Despite his mea culpa, the heat of outrage against Glenn Beck for ruthlessly mocking President Obama’s daughter Malia has turned the rest of his body the same color as his neck: fire-engine red.
The ranks are also swelling with those who believe that Fox should be subjected to sanctions for enabling Beck to cross the demarcation line of good taste on a repeated basis. Beck has gotten increasingly distasteful, more flagrant and more vile as time has gone on in his mindless criticism of his philosophical opposites, particularly in his opposition to everything Obama.
I’m not alone. An “anti-Beck” group formed by Bary Pavlich on Facebook, seeks to pluck the right-wing on-air commentator from his national platform.
“Glenn Beck is a total douchebag who constantly spews BS theories and is largely responsible for the ignorance of many people in America. I’d like nothing more than to see him taken off air,” Pavlich said.
Beck should also be censored for his blatant hypocrisy alone. Beck violated his own rule against attacking any member of a political family for any reason. When former presidential candidate Sarah Palin was on his show, Beck gave an impassioned, over-the-top plea for all media to refrain from reporting on the travails of family members of political personalities:
“Leave my family, leave people’s families alone,” Beck said resolutely. “When it was Bill Clinton, you don’t go after Chelsea Clinton. You don’t talk about the Bush kids. Now the minute they get into politics, that’s a different story. You leave families alone.”
This last statement makes the actions of Beck, 46, against an 11-year-old girl like Malia Obama all the more inexplicable, inexcusable and indefensible.
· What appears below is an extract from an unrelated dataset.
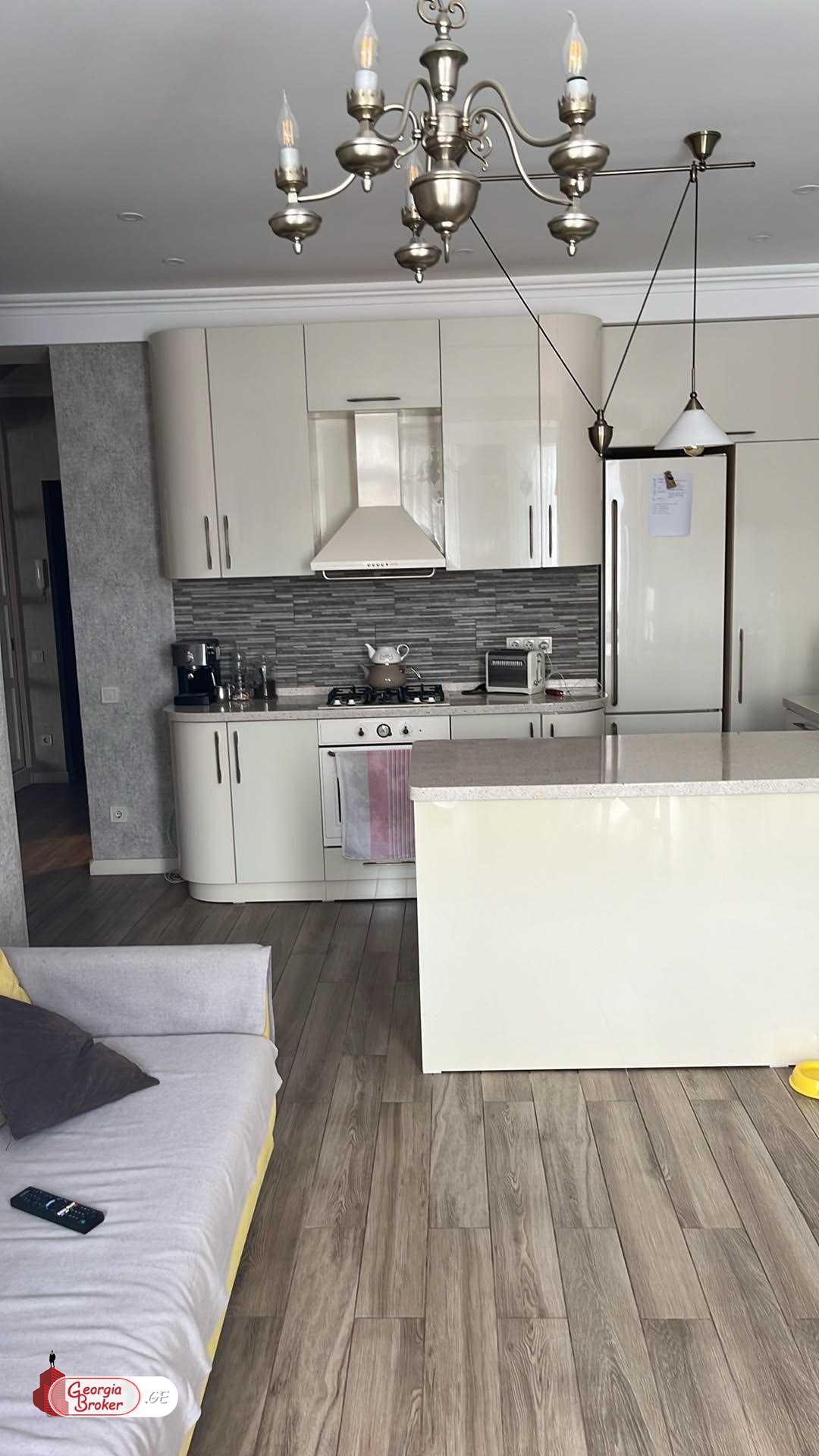 nearly repaired 3-room apartment for sale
When Obama’s daughter made an inquiry into the BP oil spill in the Gulf of Mexico, Beck pounced on the defenseless girl like the bloodthirsty jackal he is and, with animal lust, began ripping and tearing relentlessly.
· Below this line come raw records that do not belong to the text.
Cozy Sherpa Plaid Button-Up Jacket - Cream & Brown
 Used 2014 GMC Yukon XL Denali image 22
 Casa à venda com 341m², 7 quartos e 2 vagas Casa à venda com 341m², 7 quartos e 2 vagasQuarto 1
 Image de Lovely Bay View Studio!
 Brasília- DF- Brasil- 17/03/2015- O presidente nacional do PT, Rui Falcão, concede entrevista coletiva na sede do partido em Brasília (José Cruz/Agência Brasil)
Beck’s fiendish tirade was almost savage in nature and lasted for several minutes as he gleefully, ghoulishly stomped on an adorable schoolgirl. “That’s the level of their education, that they’re coming to — they’re coming to Daddy and saying, ‘Daddy, did you plug the hole yet?’”
That’s what makes the following apology ring hollow and is seemingly empty rhetoric aimed at blunting the sharp arrows of rage againt Beck. Like a kid who cowers after being outed for throwing a rock through a window, Beck cobbled together this apology to the media:
“In discussing how President Obama uses children to shield himself from criticism, I broke my own rule about leaving kids out of political debates. The children of public figures should be left on the sidelines. It was a stupid mistake and I apologize — and as a dad I should have known better,” he said in a statement.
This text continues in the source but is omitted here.